White Lives Matter (WLM) is a neo-Nazi initiative that over the past year has spread to a number of areas in the US and Canada, as well as to New Zealand, Australia, the Netherlands, and elsewhere in the world. The network’s first documented action was a series of decentralized demonstrations on May 8, 2021. The low turnout for these events led some observers to conclude that the undertaking had failed, but that optimistic assessment proved premature, as the network continued to grow, with an increasing number of actions over the past year.
WLM signals an attempt to reconsolidate the neo-Nazi milieu via decentralized chat rooms on the Telegram app. This approach is in part an effort to circumvent various obstacles, ranging from censorship on the major social media platforms to doxxing and other forms of resistance from the antifascist movement, as well as eventual criminal prosecution. It also parallels the international tendency amongst neo-Nazis towards clandestine, decentralized, and “leaderless” forms of activism, a trend with roots stretching back to the 1970s. Over the years, this has given rise to the “accelerationist” current and the increased prevalence of “lone wolf” mass murderers.

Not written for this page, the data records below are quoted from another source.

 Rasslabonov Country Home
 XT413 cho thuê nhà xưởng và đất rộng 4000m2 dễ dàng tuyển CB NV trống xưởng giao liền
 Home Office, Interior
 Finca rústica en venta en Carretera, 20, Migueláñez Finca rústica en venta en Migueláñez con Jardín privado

The WLM project also reflects substantial frustration with the marginal status of the neo-Nazi far right and a desire to move beyond the current subculture and the ideological quarrels among different tendencies and to form an activist network able to exercise genuine influence.
Although WLM is beyond any shadow of a doubt a neo-Nazi phenomenon, the American organizers’ original intent was to soften the movement’s image, which concretely translated into a superficial reticence to openly identify with the Nazi legacy or to use the swastika or other Nazi symbols in public discussions or on the stickers that the movement’s activists put up in public. Participants were also instructed (an instruction they often ignored) not to discuss the “Jewish question” or to encourage violence on public channels. Despite this, the chat rooms are completely saturated with Hitler memes, explicit references to historical Nazism, and unbridled racism of the most extreme variety—jokes about lynching Blacks, Holocaust denial videos, discussions asserting that Jews are not human and must be exterminated, etc.
The world as imagined by members of the White Lives Matter
WLM is not a formal organization; each local group has its own Telegram channel moderated by its own admin or admins. Nonetheless, it is a well-coordinated project, many of the channels having been created in 2021 by a small original group, which then sought out activists in each region to act as admins. Propaganda promotes shared methods and goals, and dates for actions and decisions regarding “messaging” appear to be centralized.
Telegram channels can be strictly unidirectional (like an email newsletter, with the content entirely determined by the admin), or they can take the form of an open chat, somewhat in the style of a public Facebook group. In many cases, the unidirectional channels include a parallel chat room – this is the basic structure of the WLM regional groups. Once these virtual spaces were established, the participants were encouraged to print WLM posters and stickers (typically, different variations on the central racist theme of the “great replacement” and the oppression of whites at the hands of other groups), to coordinate outreach and propaganda campaigns, and to take photos of their actions and post them on Telegram to encourage other people to also get involved.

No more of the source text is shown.